Mas a inflação obriga Rudoni a ser criativo. Ele pegou empréstimos em pesos a uma taxa de juros de 70%, pensando que os aumentos de preços eliminariam o custo da amortização. Agora, a empresa que está construindo uma nova fábrica para ele não quer que o total seja pago antecipadamente em pesos. Em vez disso, explica Rudoni, eles querem apenas 60% agora e o restante ajustado à inflação posteriormente. Isso faz com que o preço final seja muito mais alto e seja impossível saber quanto custará.
Seus funcionários, que têm vantagem devido às leis sindicais argentinas, também querem mais dinheiro e mais rápido. Há alguns anos, Rudoni ajustava os salários uma vez por ano. Depois a cada seis meses. Depois a cada quatro meses. Agora, a cada dois meses.
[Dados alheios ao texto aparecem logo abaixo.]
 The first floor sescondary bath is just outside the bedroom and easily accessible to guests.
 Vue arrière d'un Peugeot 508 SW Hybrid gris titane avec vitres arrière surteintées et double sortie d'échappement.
“Todos estamos preocupados com uma possível hiperinflação porque estamos muito perto”, afirma Rudoni. “Ninguém, absolutamente ninguém, conseguirá escapar dessa situação”.
Milhares de argentinos ricos já encontraram uma maneira de escapar: deixaram o país em direção à Europa ou aos Estados Unidos quando a moeda desmoronou.
Yanina Court espera que seus filhos também possam sair um dia. Esta médica de 45 anos começa a maioria das manhãs se perguntando por que trabalha seis dias por semana. As longas horas de trabalho e os baixos salários tornam a carreira médica na Argentina “meio masoquista”, disse.
Você chega a um ponto em que diz: “Para que estou trabalhando?”. Entre duas clínicas e duas consultas particulares, ela ganha o equivalente a US$1.200 por mês após impostos. Há uma década, ela só precisava de um emprego para ganhar o mesmo.
Ela e o marido estão economizando para que seus dois filhos, Christian, de 12 anos, e Luna, de 10, possam continuar estudando em uma escola particular. Em casa, os pais estão ensinando inglês, francês e português para seus filhos. O objetivo é oferecer a eles um futuro em outro lugar. A menos que os extraterrestres cheguem e se livrem dos políticos, diz Court, ela não vê muito futuro na Argentina.
“Vai piorar muito antes de melhorar”, lamenta. “Se é que vamos melhorar.”